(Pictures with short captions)
______________________________
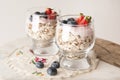 Healthy breakfast, oat meal with fruits: bluebery, strawbery and min, parfait in a glass on a rustic background. Healthy food.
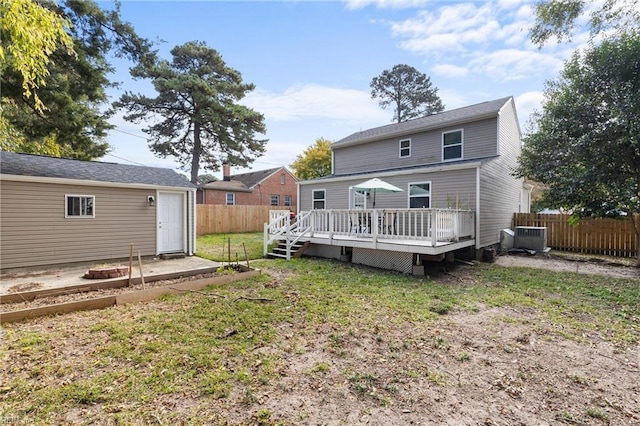 back of property with a lawn, a deck, and central AC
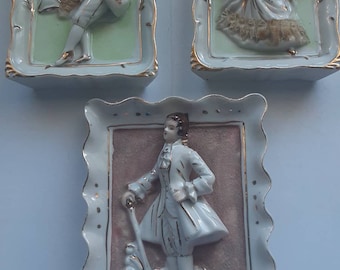 Porcelain, three small vintage frames representing characters from the French period, on a velvet background, new price.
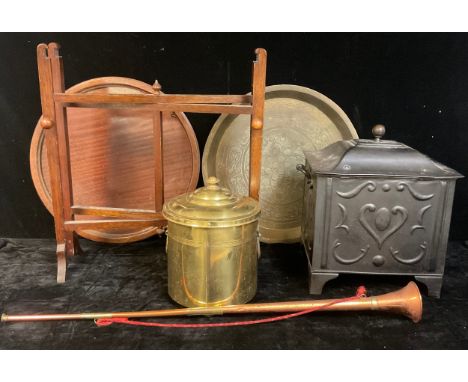 A log bin, hinged domed cover, embossed with Art Nouveau style motifs, 50cm wide; a brass cylindrical coal bin and cover; a f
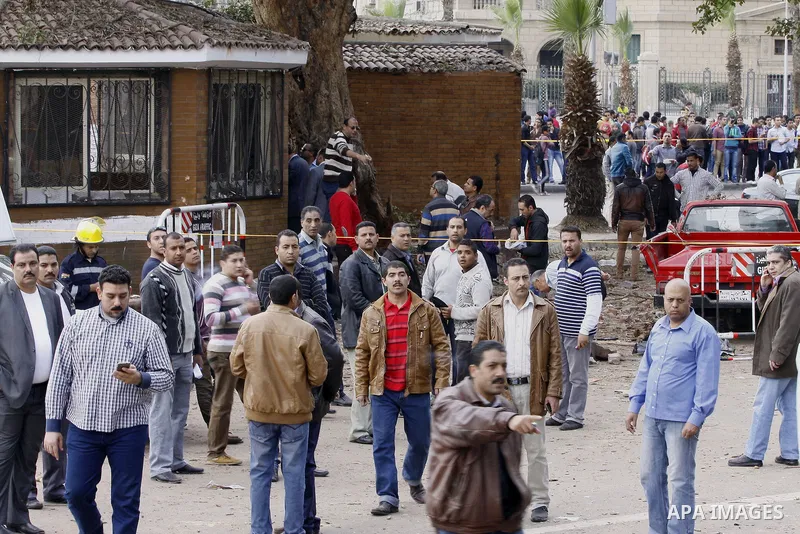 Egyptian security forces inspect the site after multiple explosions hit the area outside the main campus of Cairo University, killing at least two, in Giza, Egypt, Wednesday, April 2, 2014. The bombings targeted riot pol...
______________________________
◆ Assignment ◆
Write out the data again word for word, minus any images.

◆ Task response ◆
 Healthy breakfast, oat meal with fruits: bluebery, strawbery and min, parfait in a glass on a rustic background. Healthy food.
 back of property with a lawn, a deck, and central AC
 Porcelain, three small vintage frames representing characters from the French period, on a velvet background, new price.
 A log bin, hinged domed cover, embossed with Art Nouveau style motifs, 50cm wide; a brass cylindrical coal bin and cover; a f
 Egyptian security forces inspect the site after multiple explosions hit the area outside the main campus of Cairo University, killing at least two, in Giza, Egypt, Wednesday, April 2, 2014. The bombings targeted riot pol...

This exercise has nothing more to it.